To answer this question, you can compute a TF-IDF weighted vector space model for a set of lucene results using the IndexReader.getTermFreqVector() and Searcher.docFreq() classes. There is no way of directly getting the VSM for a set of results in Lucene.
也许我误解了你想要做什么,但 Lucene 的评分使用向量空间模型。如果您想了解有关如何在给定文档和查询的情况下计算分数的更多详细信息,请使用 Searcher.explain(Query query, int doc) 。
Maybe I'm misunderstanding what you're trying to do, but Lucene's scoring uses the vector space model. If you want more details for how the scores are calculated, given a document and a query, use Searcher.explain(Query query, int doc) .

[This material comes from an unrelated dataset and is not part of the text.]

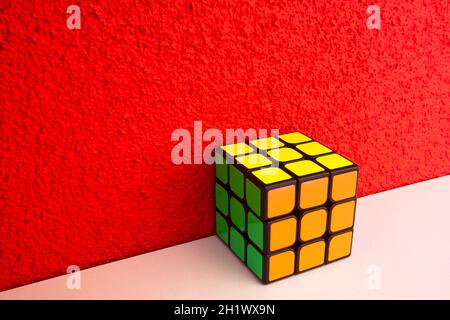 Solved puzzle speed cube on white wooden shelf near red colored wall, colorful rubiks cube with copy space mind challanging retro design Stock Photo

如果我从您的评论中理解正确,您需要计算文档之间而不是查询和文档之间的 VSM 余弦相似度。我不知道具体如何做到这一点,但我会向您指出 Lucene API 页面的
相似度
类。您可能必须派生并使用Similarity
的自定义子类来更改coord
和queryNorm
成员,并找到一种方法将文档转换为查询对象。(不保证;我只是想自己算出这个分数。)
If I understand correctly from your comment, you want the compute VSM cosine similarity between documents rather than between a query and a document. I don't know exactly how to do this, but I'd point you to the Lucene API page for the
Similarity
class. You'd probably have to derive and use a custom subclass ofSimilarity
that changes thecoord
andqueryNorm
members and find a way to turn documents into query objects.(No guarantees; I'm just trying to figure out this scoring myself.)